# Logistic Regression Assignment (due 26 November)

In this practical you will learn how to apply logistic regression to the task of predicting two digits from the MNIST database: http://yann.lecun.com/exdb/mnist/. The database contains 60000 train images containing digits and 10000 test images. The images are of size 28 × 28. We will use the images in a vectorized form: a vector of size of 784. The code extracting the digits 0 and 1 is provided in the stubs.


In [None]:
%tensorflow_version 2.x

In [None]:
import tensorflow as tf
import tensorflow_datasets as tfds

In [None]:
print(tf.__version__)


2.7.0


In [None]:
import numpy as np 

In [None]:
def data_preprocess(images, labels):

    # number of examples m  
    m = images.shape[0]
    
    # create vector of ones to concatenate to our data matrix (for intercept terms)
    ones = np.ones(shape=[m, 1])
    images = np.concatenate((ones, images), axis=1)
    
    # to retrieve the images and corresponding labels where the label is either 0 or 1, 
    # we define two logical vectors that can be used to subset our data_matrices
    logical_mask_0 = labels == 0
    logical_mask_1 = labels == 1
    
    images_zeros = images[logical_mask_0]
    labels_zeros = labels[logical_mask_0]
    images_ones = images[logical_mask_1]
    labels_ones = labels[logical_mask_1]
    
    X = np.concatenate((images_zeros, images_ones), axis=0)
    y = np.concatenate((labels_zeros, labels_ones), axis=0)
    
    # shuffle the data and corresponding labels in unison
    def _shuffle_in_unison(a, b):
        assert len(a) == len(b)
        p = np.random.permutation(len(a))
        return a[p], b[p]

    return _shuffle_in_unison(X,y)   

In [None]:
mnist = tf.keras.datasets.mnist

(x_train, y_train), (x_test, y_test) = mnist.load_data()

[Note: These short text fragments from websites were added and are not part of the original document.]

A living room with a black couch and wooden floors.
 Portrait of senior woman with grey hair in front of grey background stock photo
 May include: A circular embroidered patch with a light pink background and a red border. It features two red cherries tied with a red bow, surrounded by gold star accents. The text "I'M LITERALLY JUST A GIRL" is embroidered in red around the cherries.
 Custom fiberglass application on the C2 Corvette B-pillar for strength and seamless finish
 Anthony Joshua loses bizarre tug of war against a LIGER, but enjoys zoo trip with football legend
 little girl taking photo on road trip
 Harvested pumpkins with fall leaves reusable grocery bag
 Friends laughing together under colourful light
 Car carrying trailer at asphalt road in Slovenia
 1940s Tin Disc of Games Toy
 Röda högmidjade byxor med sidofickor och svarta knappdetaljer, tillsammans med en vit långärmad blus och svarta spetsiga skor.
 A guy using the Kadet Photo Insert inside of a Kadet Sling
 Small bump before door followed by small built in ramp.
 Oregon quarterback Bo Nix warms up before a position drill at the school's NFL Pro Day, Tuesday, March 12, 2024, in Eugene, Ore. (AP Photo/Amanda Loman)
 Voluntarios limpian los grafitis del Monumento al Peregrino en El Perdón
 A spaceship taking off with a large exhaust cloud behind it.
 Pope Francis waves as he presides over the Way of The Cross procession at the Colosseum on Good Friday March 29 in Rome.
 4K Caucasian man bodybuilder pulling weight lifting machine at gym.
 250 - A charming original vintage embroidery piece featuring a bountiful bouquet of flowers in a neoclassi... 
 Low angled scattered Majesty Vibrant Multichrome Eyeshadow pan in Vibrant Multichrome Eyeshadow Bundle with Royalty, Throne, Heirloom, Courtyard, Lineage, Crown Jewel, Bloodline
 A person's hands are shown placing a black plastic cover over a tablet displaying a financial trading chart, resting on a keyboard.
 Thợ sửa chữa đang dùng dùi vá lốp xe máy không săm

x_train, x_test = x_train / 255.0, x_test / 255.0


In [None]:
print (x_train.shape)

(60000, 28, 28)


In [None]:
x_train = x_train.reshape([60000,784])
x_test = x_test.reshape([10000,784])
print(x_train.shape)


(60000, 784)


In [None]:
X,y = data_preprocess(x_train, y_train)
print('shape: ', X.shape)
print('shape: ', y.shape)

shape:  (12665, 785)
shape:  (12665,)


Define hyperparams: learning rate and gradient descent steps


In [None]:
learning_rate = 0.00001
gdc_steps = 100

    

Initialize your parameters W


In [None]:
# number of features n
n = X.shape[1]
# we need to define our model parameters to be learned. we use W (weights) instead of theta this time.

# mean and standard deviation
mu = 0
sigma = 0.01
w = np.random.normal(mu, sigma, n)


In [None]:
print(X.shape, w.shape)

(12665, 785) (785,)


Define the sigmoid function, your code here:


In [None]:
def sigmoid(z):
    return 1 / (1 + np.exp(-z))

Define the loss function as provided in equation 12 (Logistic regression slides)


In [None]:
def compute_cross_entropy_loss(y, y_hat):
    return -(y @ np.log(y_hat) + (1 - y_hat) @ np.log(1 - y_hat))



Start optimization. During training you minimize the loss function. In every iteration your loss should decrease. You also want to look how many correct predictions you have at every iteration. Reminder: the belonging to class digit 1 is when your prediction, $\hat y$ is greater or equal to 0.5. 

When you test your prediction vector (containing zero and ones) with the labels (also zero and ones) you can use the equal function. 

Example:
prediction = (1, 0, 1, 1) and the true labels are y = (0, 0, 1, 0).

When you test on equality you get following result: correct = (0, 1, 1, 0). Your accuracy is: 0+1+1+0
4 = 0.5.
You compute the accuracy for the training and test.

In [None]:
for step in range(0, gdc_steps):
    print("Performing step " + str(step) + " of gradient descent.")
    # perform the dot product between the weights and the examples
    z = X @ w

    # apply the nonlinearity
    y_hat = sigmoid(z)

    # normally normalized with -1/m 
    loss = compute_cross_entropy_loss(y, y_hat)
    print("Loss at step " + str(step) + ": " + str(loss))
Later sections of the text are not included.